TECHNICAL OVERVIEW OF PROTEOMICS

  1. Top of page
  2. Abstract
  3. INTRODUCTION
  4. IMPORTANCE OF PROTEOMIC APPROACHES IN ASCIDIAN DEVELOPMENTAL BIOLOGY
  5. TECHNICAL OVERVIEW OF PROTEOMICS
  6. ADVANCES IN SPERM PROTEOMICS FOR STUDYING THEIR MOLECULAR ARCHITECTURE AND FUNCTIONAL CHANGES DURING FERTILIZATION IN C. INTESTINALIS
  7. PROFILES OF PROTEIN EXPRESSION DURING CIONA DEVELOPMENT
  8. CIONA PROTEOMICS FOR THE COMPREHENSIVE UNDERSTANDING OF ASCIDIAN DEVELOPMENT
  9. Acknowledgements
  10. REFERENCES

Proteomics is the large-scale analysis of proteins; therefore, efficient strategies for the separation and identification of proteins are indispensable. Recent progress in two-dimensional gel electrophoresis (2DE) using immobilized gel strips and mass spectrometry (MS) has made possible protein profiling at the quantitative level. The devices used for protein separation in conjunction with several types of mass spectrometry have become sophisticated, and the techniques are now so diverse as to be applicable to several proteomic strategies (for a review, see Gorg et al.,2000; Reinders et al.,2004; Steen and Mann,2004; Gingras et al.,2005).

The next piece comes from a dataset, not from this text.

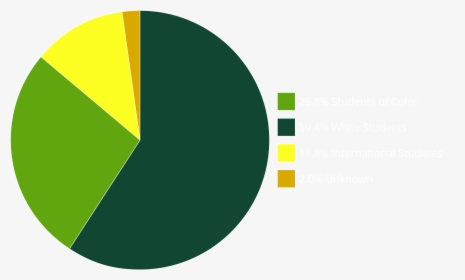 Pie Chart Of Enrollment Of Students By Ethnic Identity - Pie Chart Of University Of Oregon, HD Png Download, Free Download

There are two basic methods of identifying proteins by MS: one is peptide mass fingerprinting (PMF), and the other is the identification of sequence tags, or de novo sequencing, using tandem MS (MS/MS; Fig. 1). For ensuring the accuracy of peptide mass evaluation, matrix-assisted laser desorption/ionization time-of-flight mass spectrometry (MALDI-TOF/MS) is often used. The identification of proteins by PMF requires a database. Accurate research can only be performed if the amino acid sequence of the protein in question is available. Before PMF, proteins must be purified by the appropriate biochemical method, such as 2DE, sodium dodecyl sulfate-polyacrylamide gel electrophoresis (SDS-PAGE), or liquid chromatography (LC; Fig. 1). One of the conventional methods for such analysis is the separation of proteins by 2DE, followed by the proteolytic digestion and MS of the products. The advantage of protein separation by 2DE is that it allows the quantitative comparison of protein spots from tissues at different differentiation stages or from embryos at different developmental stages. Recently, fluorescent dye-based differential displays for protein comparison have begun to be used to detect protein changes between two different cellular conditions (Lilley and Friedman,2004). For PMF, the protein must be purified as a single protein spot on 2DE or a single protein band on SDS-PAGE. The 2DE using isoelectric focusing followed by SDS-PAGE is most often used, but a combination of fractionation by column chromatography and SDS-PAGE can also be applied to PMF. Although 2DE is a powerful technique for separating proteins at high resolution, the range of usable proteins is limited in some cases. For example, some membrane proteins cannot be properly analyzed by 2DE due to their low solubility in the lysis buffer for isoelectric focusing. In such cases, it is necessary to purify the proteins by column chromatography under denaturing conditions or by SDS-PAGE (Wu and Yates,2003).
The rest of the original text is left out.